Italy's players, meanwhile, were hardly missing a tackle.
Lorenzo Insigne was brought on to add attacking impetus, but in his first 10 minutes on the pitch, he attempted more take-ons and was caught offside more often than he made passes to a team-mate. Cassano was more involved.
As the match entered its final stages, and England fans bit their nails, hands and forearms, Italy never really threatened Keylor Navas' goal. Cassano and Balotelli passed to each other once in the whole of the second half.
The full-time whistle came, and Costa Rica players celebrated wildly. They'd done something absolutely nobody could have predicted: beaten both Uruguay and Italy to progress out of Group D, with England still to face. It was a merited victory: across the game they defended with passion but also created more chances than their opponents.
Particularly impressive was left-back Junior Diaz, who contributed the assist for Ruiz's all-important goal but also blocked cross after cross as Italy looked to get back on level terms, and made 4 tackles and 8 ball recoveries.
Italy were dreadfully ill-disciplined in attack, caught offside on no fewer than 11 occasions, many of them avoidable.
Succeeding with 89% of their attempted passes, Italy ended up with a very high pass completion, as they had against England, but without much in the way of penetration.
The Azzurri go into their final group match against Uruguay needing at least a draw to go through. Is it possible that Prandelli could drop Balotelli for that crucial encounter? The manager had threatened before the match that Mario would not be undroppable, and his performance dwindled dramatically in the second half here.

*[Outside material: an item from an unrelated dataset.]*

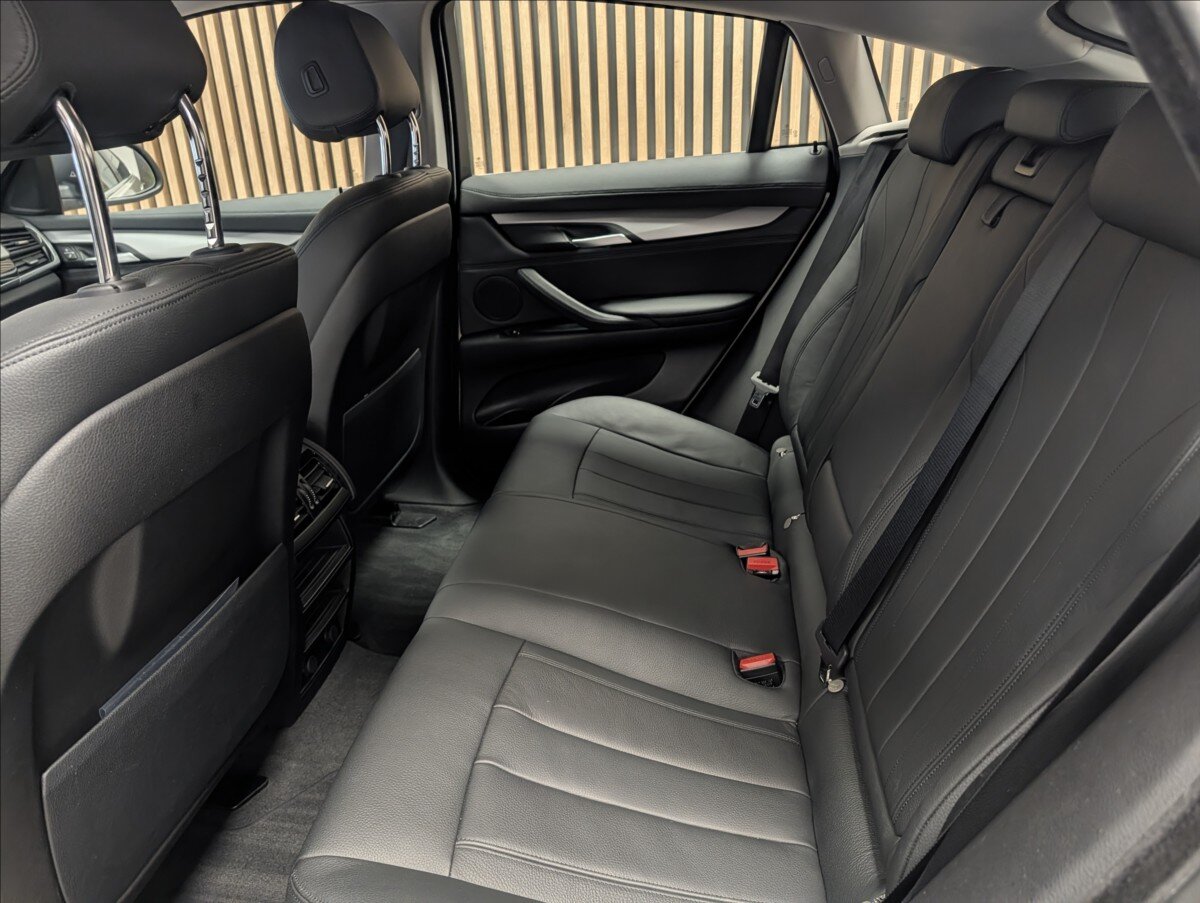 BMW X6 Sedan 3,0 l 190 kw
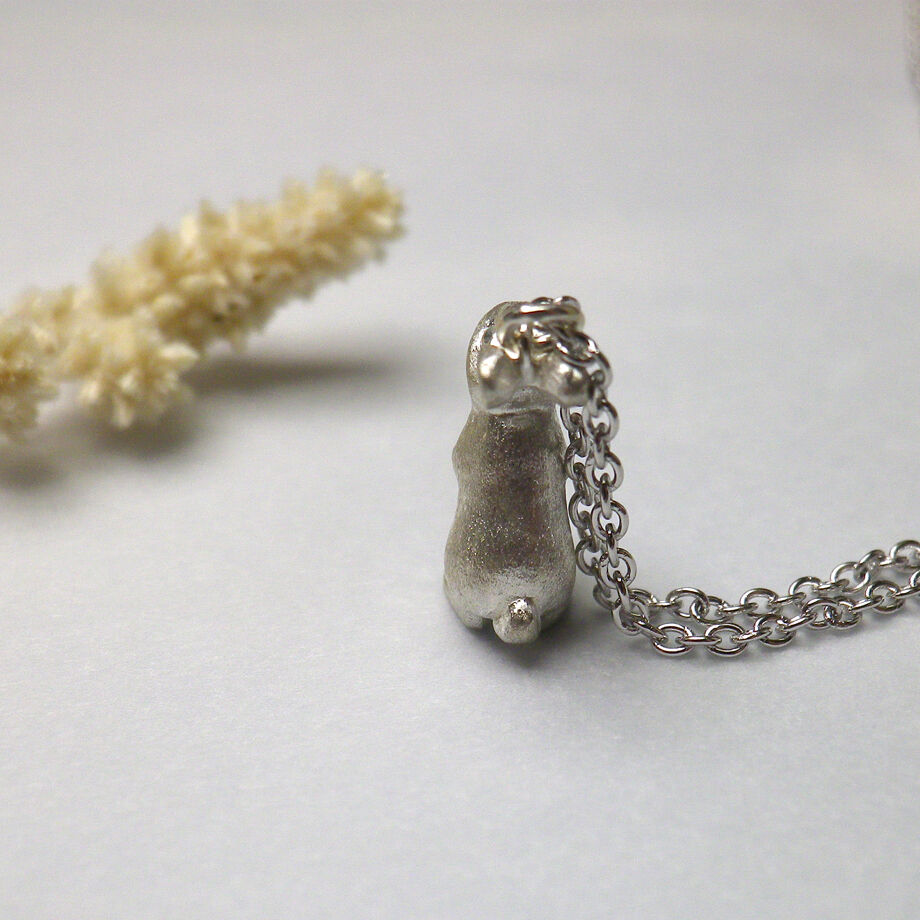 おねだりうさぎ usa ペンダント （シルバー） | shirokuma-microzoo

In the first 45 he buzzed into good positions, missing an excellent chance and attacking defenders at every opportunity, attempting 7 take-ons. After the interval, he tried to dribble past an opponent only once, and troubled the Costa Rican defence far less often.
Facts and figures
- Italy have conceded a goal in their last 7 World Cup matches after keeping clean sheets in 5 of their preceding 6 games.
- Italy have kept 4 clean sheets in their last 16 World Cup group stage matches.
- This match contained 14 offsides, the most in a game in this tournament.
- Italy contributed 11 of these, meaning they have been caught offside 18 times in this tournament, 9 more than any other team.
- Andrea Pirlo attempted 33 passes in the first half of this match. He attempted 70 before half-time against England.
- European teams have only won 1 of their last 5 matches in this tournament.
- Italy failed to score for the first time in 16 World Cup matches, ending the longest such run of a team taking part in World Cup 2014.
- Costa Rica have won consecutive World Cup matches for the first time.
- Costa Rica have scored in 9 of their last 10 World Cup games.
- Italy have failed to win their second match in any of the last four World Cup tournaments (D2 L2).